**Brief descriptive captions**
□ □ □ □ □

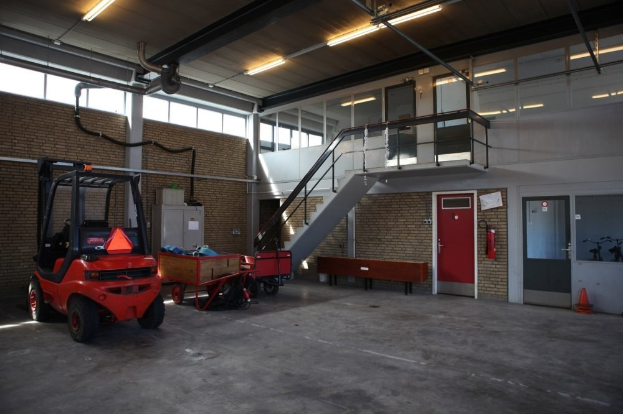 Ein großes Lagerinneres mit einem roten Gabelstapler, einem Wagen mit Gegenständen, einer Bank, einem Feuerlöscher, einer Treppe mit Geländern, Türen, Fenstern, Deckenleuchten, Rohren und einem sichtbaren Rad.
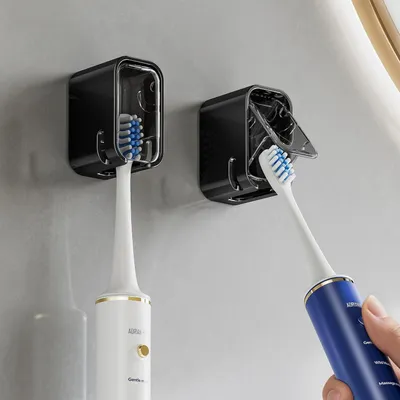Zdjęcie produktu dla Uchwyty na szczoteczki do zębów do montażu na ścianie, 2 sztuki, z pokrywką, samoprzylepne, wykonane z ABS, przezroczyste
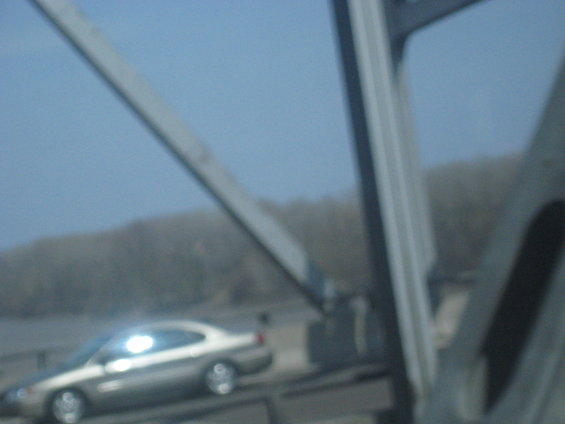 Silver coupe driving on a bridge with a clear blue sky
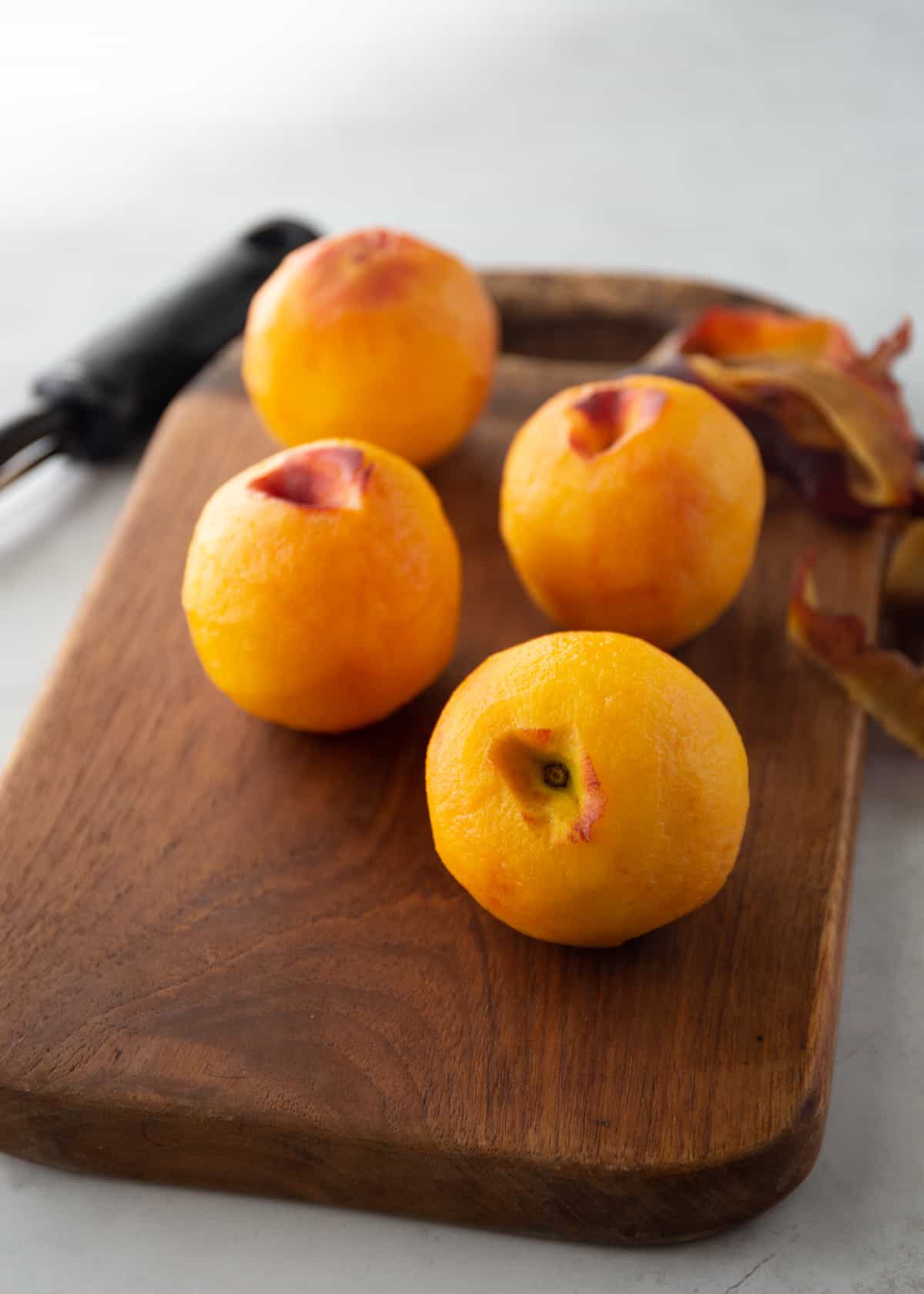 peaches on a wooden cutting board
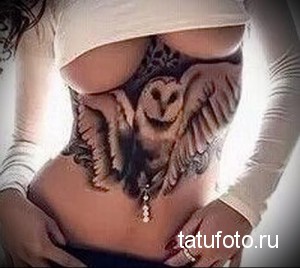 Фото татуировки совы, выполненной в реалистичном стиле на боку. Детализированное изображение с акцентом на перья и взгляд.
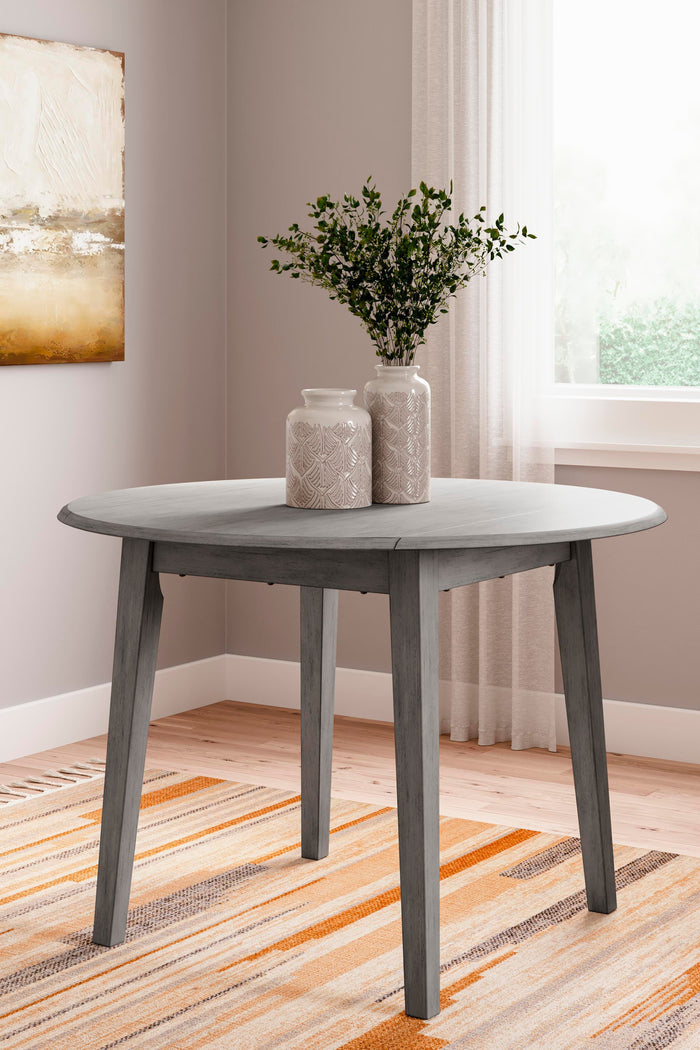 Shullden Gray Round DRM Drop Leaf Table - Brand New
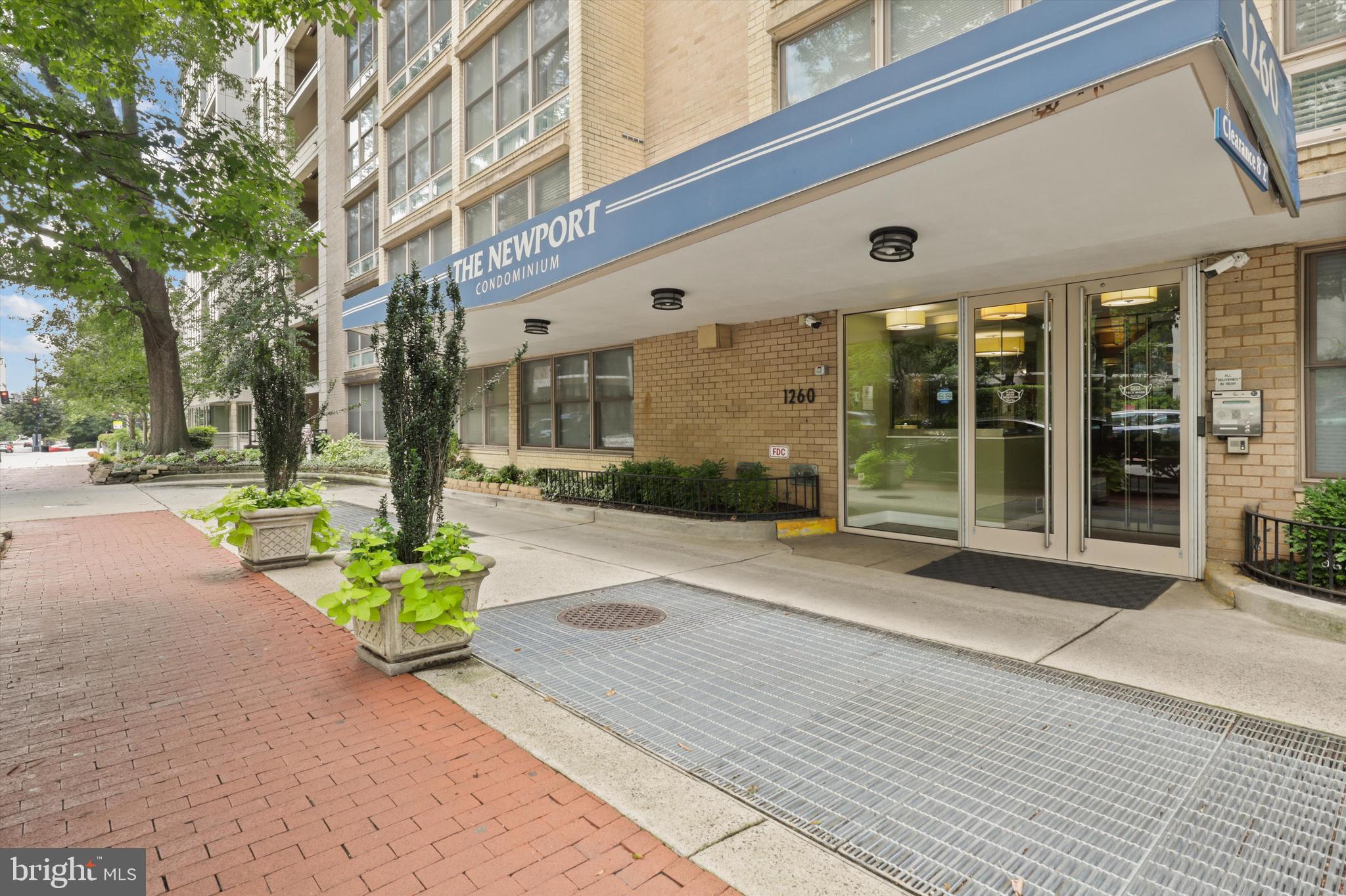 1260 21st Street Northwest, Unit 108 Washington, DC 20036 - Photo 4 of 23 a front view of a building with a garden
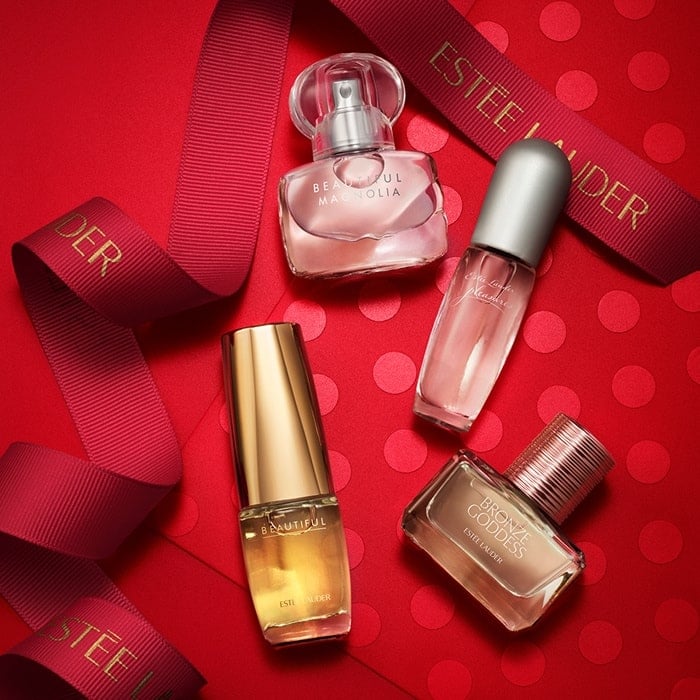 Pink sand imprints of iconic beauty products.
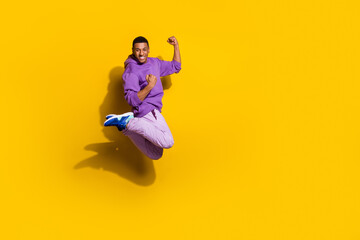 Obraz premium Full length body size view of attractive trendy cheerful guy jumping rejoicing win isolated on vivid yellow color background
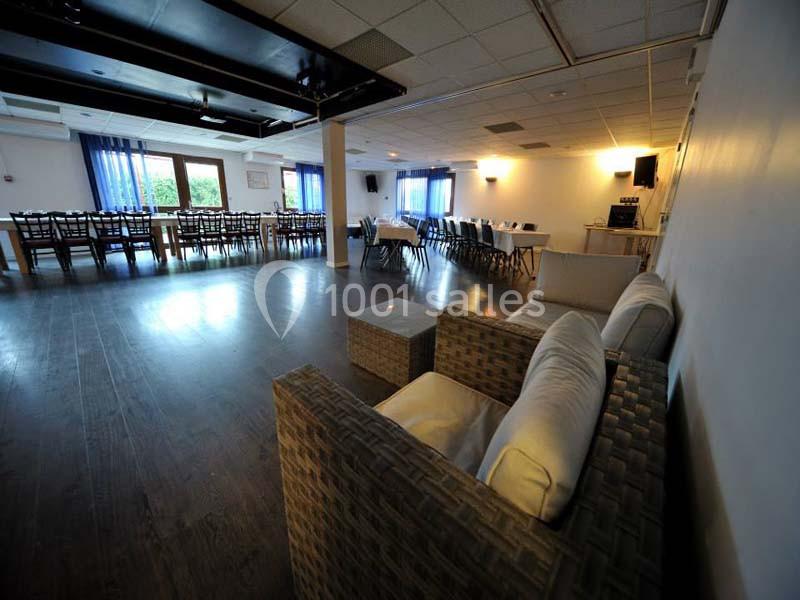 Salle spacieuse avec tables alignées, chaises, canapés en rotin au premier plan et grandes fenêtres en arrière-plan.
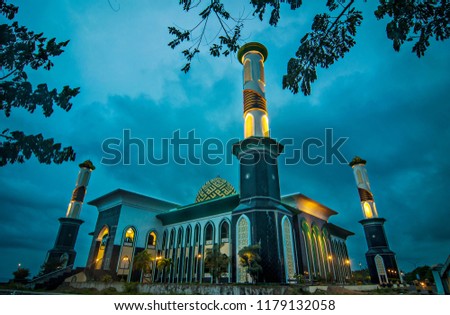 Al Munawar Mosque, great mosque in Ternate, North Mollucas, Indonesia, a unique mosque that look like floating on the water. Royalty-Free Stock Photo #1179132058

□ □ □ □ □

**Problem**
Copy the data word for word and omit every picture.

**Task answer**
 Ein großes Lagerinneres mit einem roten Gabelstapler, einem Wagen mit Gegenständen, einer Bank, einem Feuerlöscher, einer Treppe mit Geländern, Türen, Fenstern, Deckenleuchten, Rohren und einem sichtbaren Rad.
Zdjęcie produktu dla Uchwyty na szczoteczki do zębów do montażu na ścianie, 2 sztuki, z pokrywką, samoprzylepne, wykonane z ABS, przezroczyste
 Silver coupe driving on a bridge with a clear blue sky
 peaches on a wooden cutting board
 Фото татуировки совы, выполненной в реалистичном стиле на боку. Детализированное изображение с акцентом на перья и взгляд.
 Shullden Gray Round DRM Drop Leaf Table - Brand New
 1260 21st Street Northwest, Unit 108 Washington, DC 20036 - Photo 4 of 23 a front view of a building with a garden
 Pink sand imprints of iconic beauty products.
 Obraz premium Full length body size view of attractive trendy cheerful guy jumping rejoicing win isolated on vivid yellow color background
 Salle spacieuse avec tables alignées, chaises, canapés en rotin au premier plan et grandes fenêtres en arrière-plan.
 Al Munawar Mosque, great mosque in Ternate, North Mollucas, Indonesia, a unique mosque that look like floating on the water. Royalty-Free Stock Photo #1179132058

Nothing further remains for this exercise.